**REQUIRED ACTION:**
Please repeat exactly the lines from the one containing "Czwarte zdjęcie samochodu" through the last line of the records below, leaving out any pictures.

──────── MATERIAL SUPPLIED

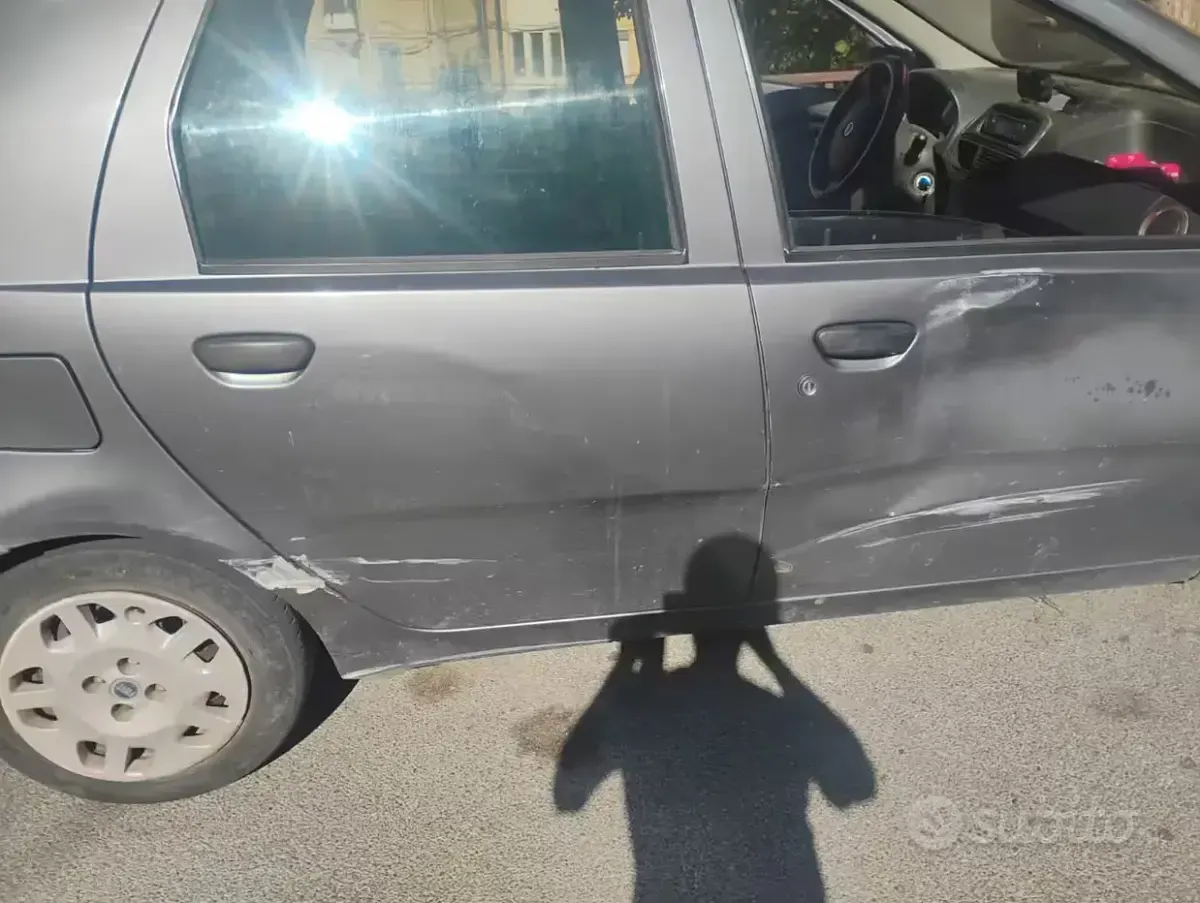 Usata Fiat Punto 60 CV (44 kW) 2004 Grigio Utilitaria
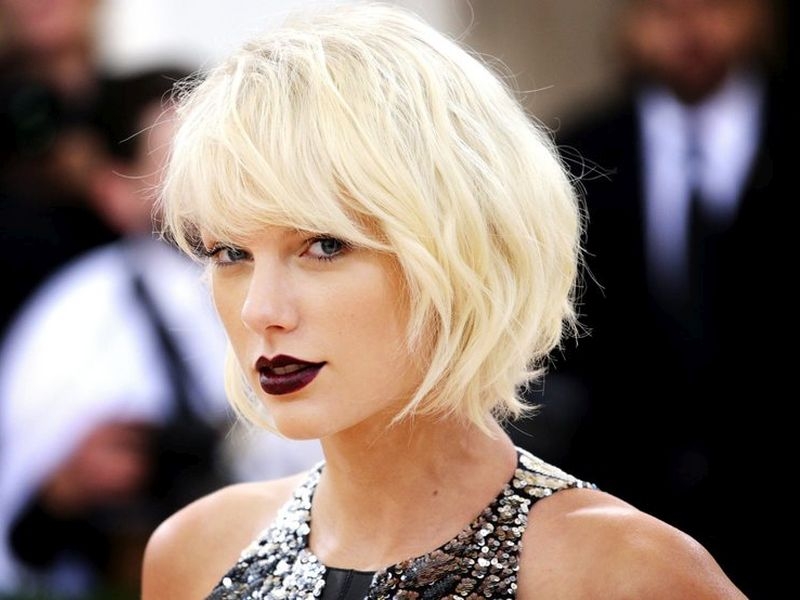 Αυτός είναι έρωτας! Η Taylor Swift κάνει δώρο τον ρόλο του James Bond στον Tom Hiddleston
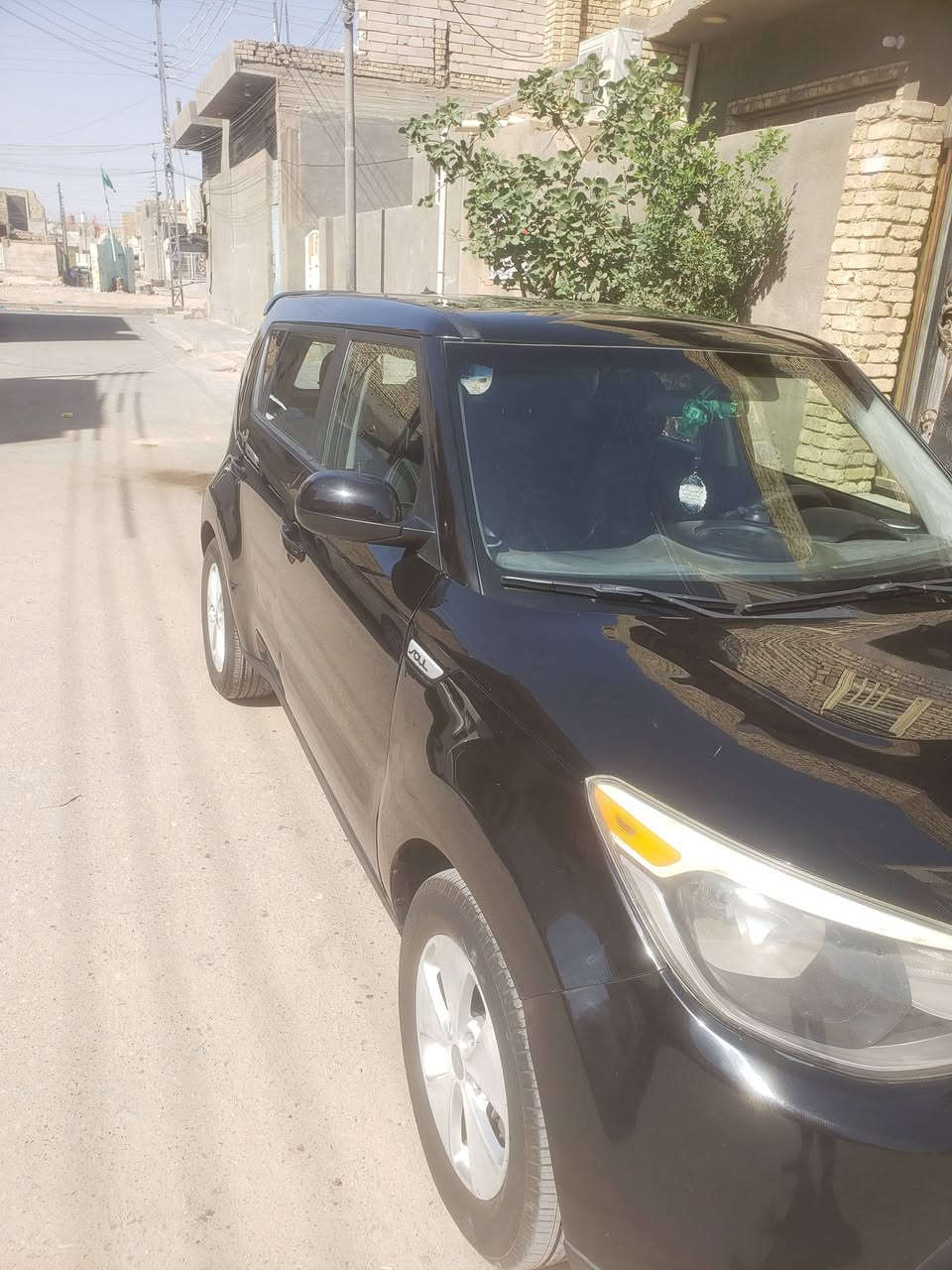 كيا صول موديل16 حره باسمي محركه1600
رقمي بغداد انكليزي حادثه جاملغ وبنيد ومصلحات صور السونار موجود
دوشمه جديده 
تخم دايرات
شاشه سمارت 
كامره 
تحكم ستيرن
مودات قياده
مكان السياره العماره  
سعره110 وبيه مجال قليل 
***********
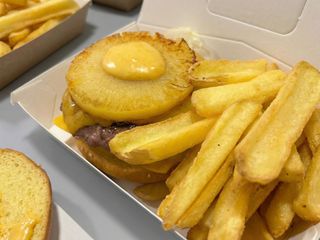 Hamburguesa hawaiana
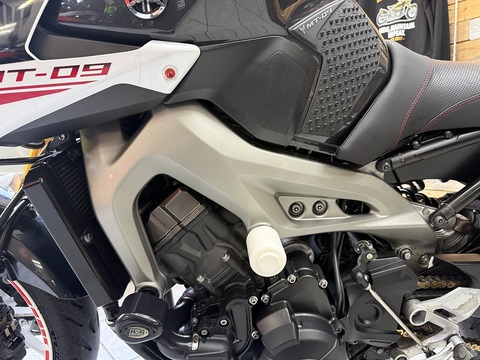 900 ABS Naked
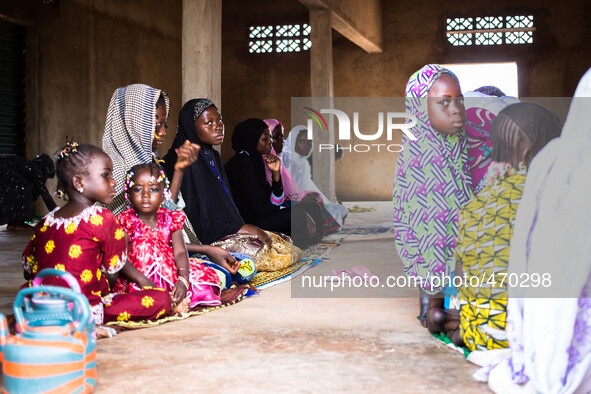 Muslim cult in the city of Dano, the inhabitants are divided between Catholics and Muslims in a peaceful coexistence
"The land of honest ma...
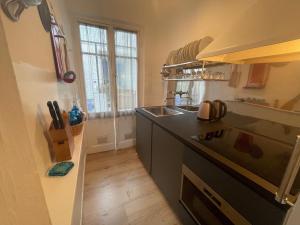 eine Küche mit einer Spüle und einer Arbeitsplatte in der Unterkunft La Mansarda dei poeti La Spezia Cinque Terre in La Spezia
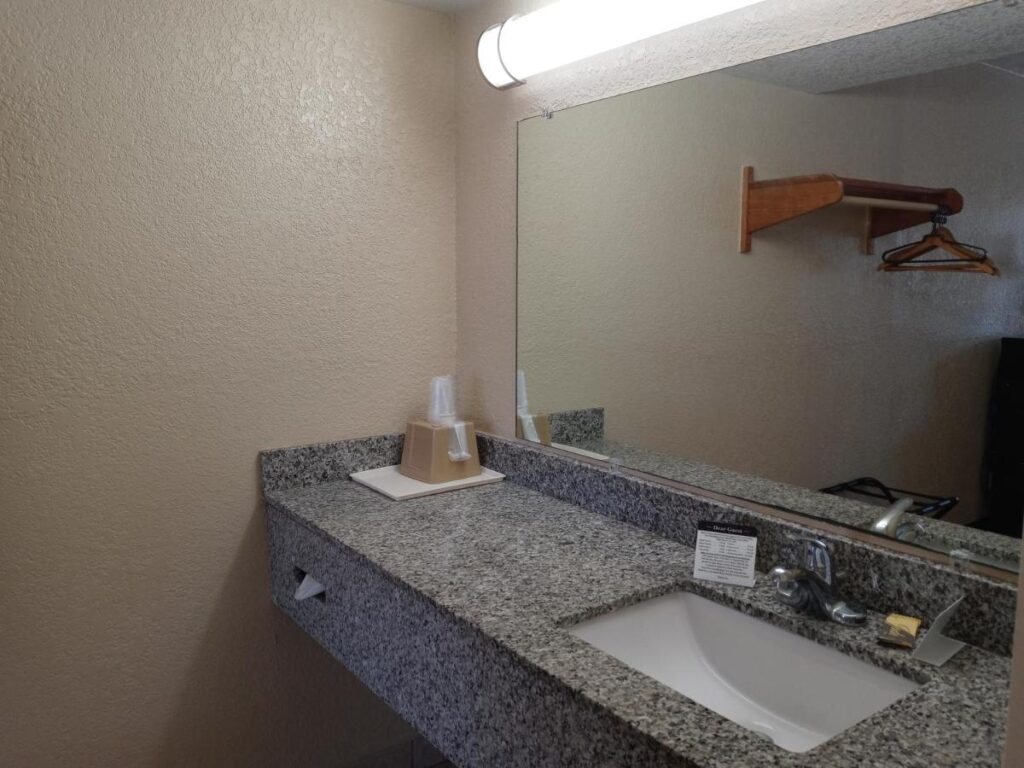 Hole Inn the Wall Hotel - Fort Walton Beach - Sunset Plaza - nearby Beaches & Hurlburt - Image 2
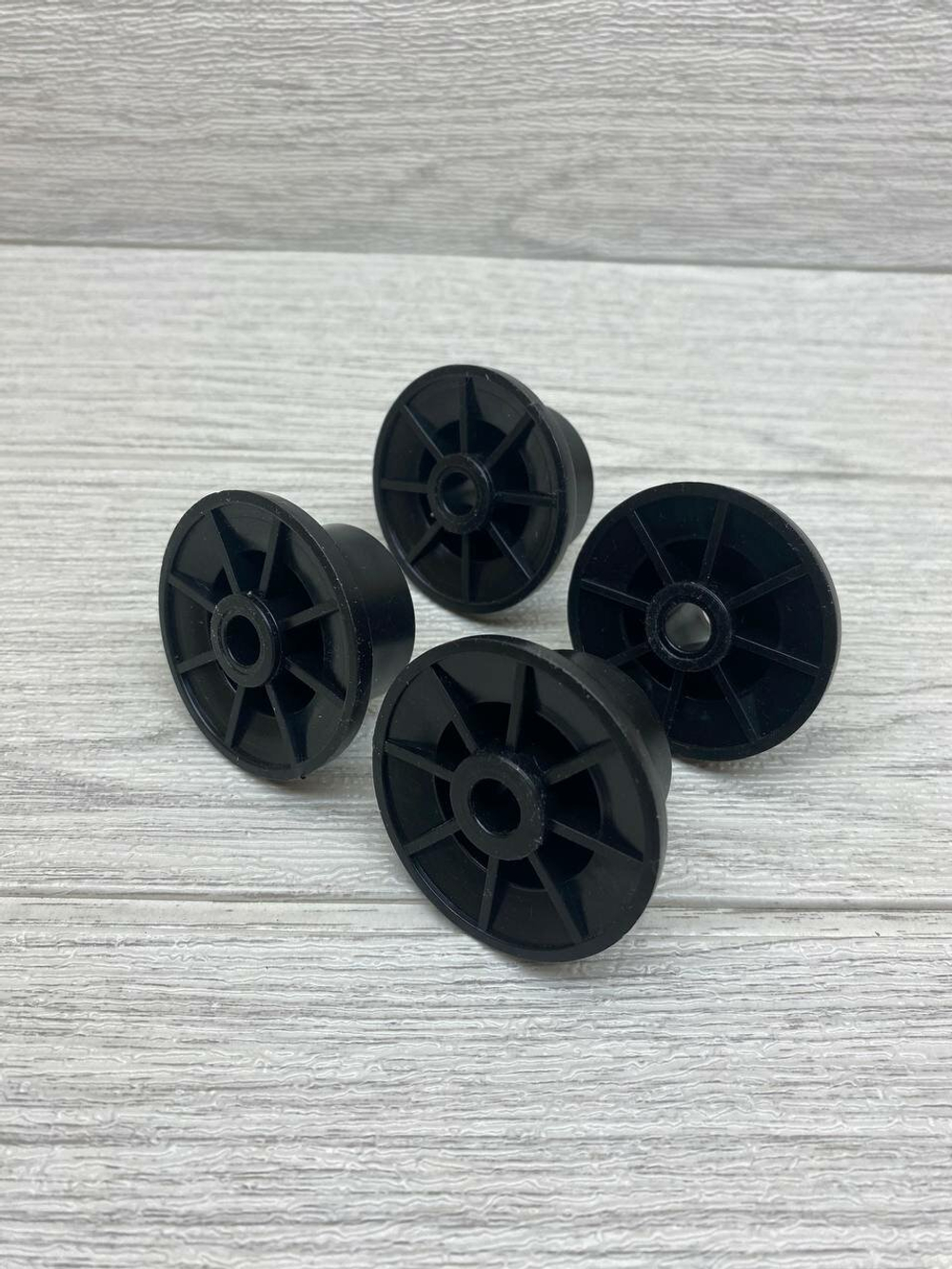 Колесо для мебели ролик для дивана диаметр 48 мм отверстие 8 мм 4 шт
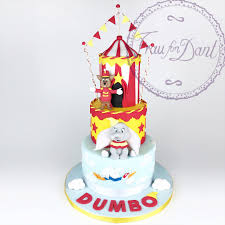 Kuchen mit einem messer halbieren. Dumbo Torte Frau Fon Dant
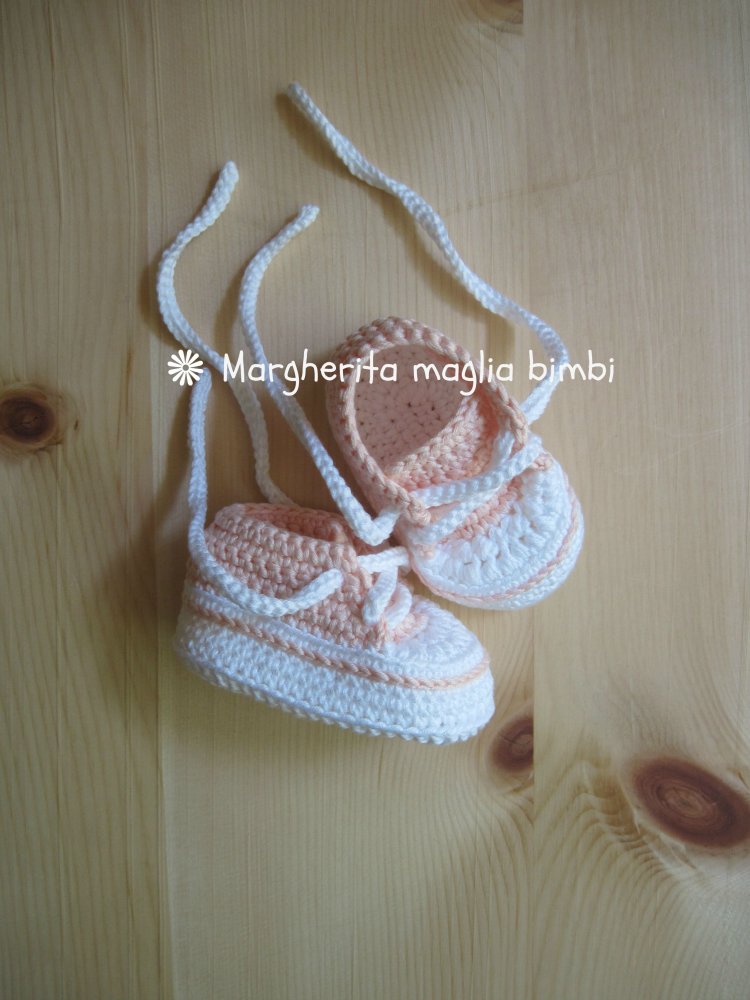 Scarpine/sneakers bianche/rosa - fatte a mano - neonata/bambina - uncinetto - puro cotone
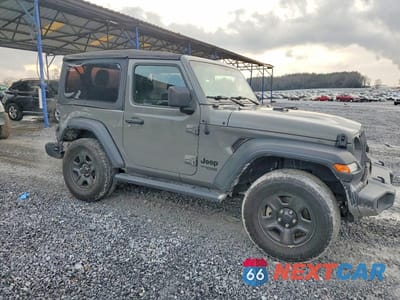 Czwarte zdjęcie samochodu z boku: 2021 JEEP WRANGLER SPORT VIN:1C4HJXAG7MW691325 - miniatura
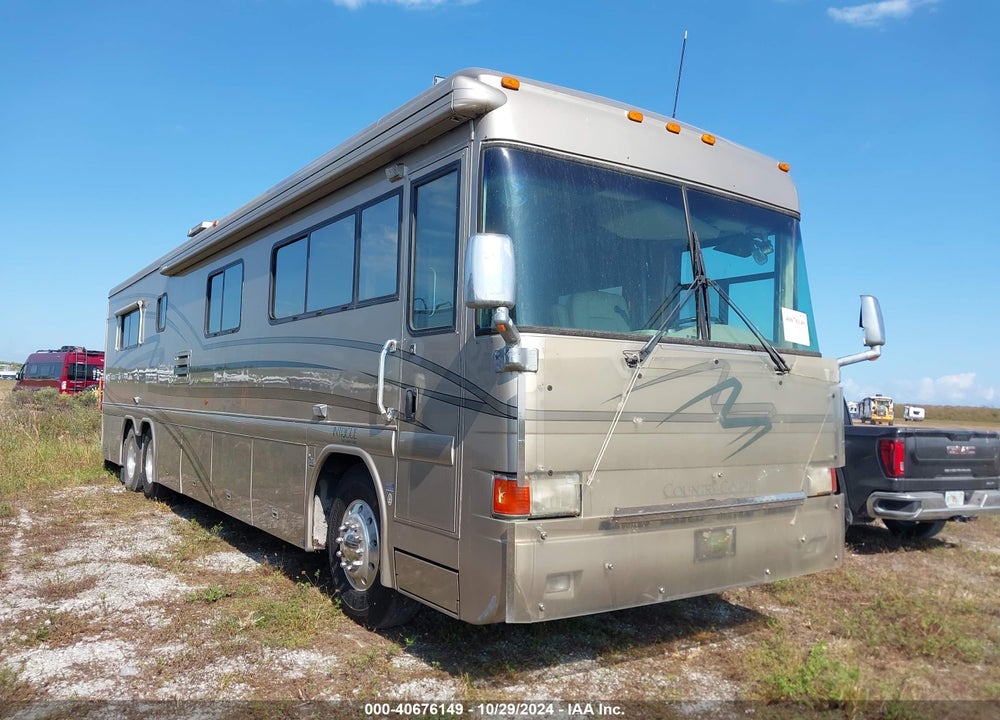 2002 COUNTRY COACH MOTORHOME INTRIGUE VIN: 4U7B8DY1721102693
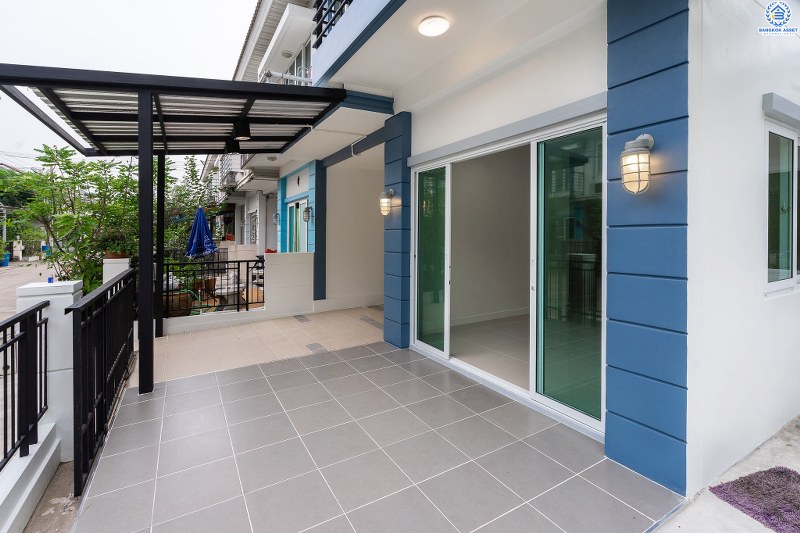 บ้านมือสองตกแต่งใหม่ ห้องมุม! ม.เดอะวิลล่า ราชพฤกษ์-ท่าอิฐ (พร็อพเพอร์ตี้ เพอร์เฟค) ตกแต่งดีไซน์เพื่อคนรุ่นใหม่ ฟังก์ชั่นครบครัน 3นอน 2น้ำ มีครัวเคาน์เตอร์+โรงรถให้พร้อมเข้าอยู่ บนทำเลที่ดีที่สุด* ใจกลาง 2 เซ็นทรัลฯ สามารถเข้า-ออกได้ 2 เส้นทาง ทั้งทางรัตนาธิเบศร์ และราชพฤกษ์ เพียง 5นาทีถึงรถไฟฟ้า สถานีบางรักน้อยท่าอิฐ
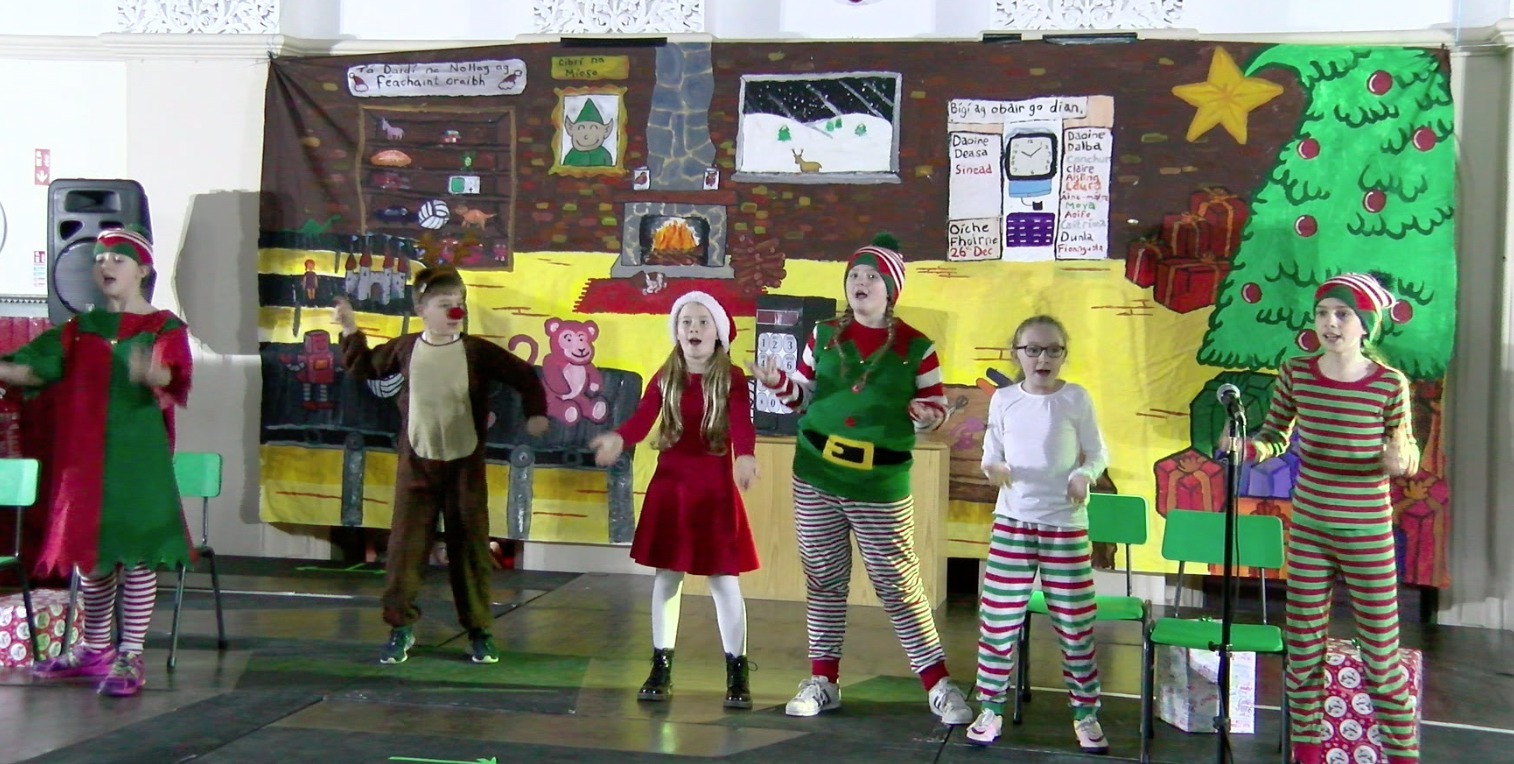 Seó na Nollag ag Scoil an Droichid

────────────────

**RESPONSE BOX:**
 Czwarte zdjęcie samochodu z boku: 2021 JEEP WRANGLER SPORT VIN:1C4HJXAG7MW691325 - miniatura
 2002 COUNTRY COACH MOTORHOME INTRIGUE VIN: 4U7B8DY1721102693
 บ้านมือสองตกแต่งใหม่ ห้องมุม! ม.เดอะวิลล่า ราชพฤกษ์-ท่าอิฐ (พร็อพเพอร์ตี้ เพอร์เฟค) ตกแต่งดีไซน์เพื่อคนรุ่นใหม่ ฟังก์ชั่นครบครัน 3นอน 2น้ำ มีครัวเคาน์เตอร์+โรงรถให้พร้อมเข้าอยู่ บนทำเลที่ดีที่สุด* ใจกลาง 2 เซ็นทรัลฯ สามารถเข้า-ออกได้ 2 เส้นทาง ทั้งทางรัตนาธิเบศร์ และราชพฤกษ์ เพียง 5นาทีถึงรถไฟฟ้า สถานีบางรักน้อยท่าอิฐ
 Seó na Nollag ag Scoil an Droichid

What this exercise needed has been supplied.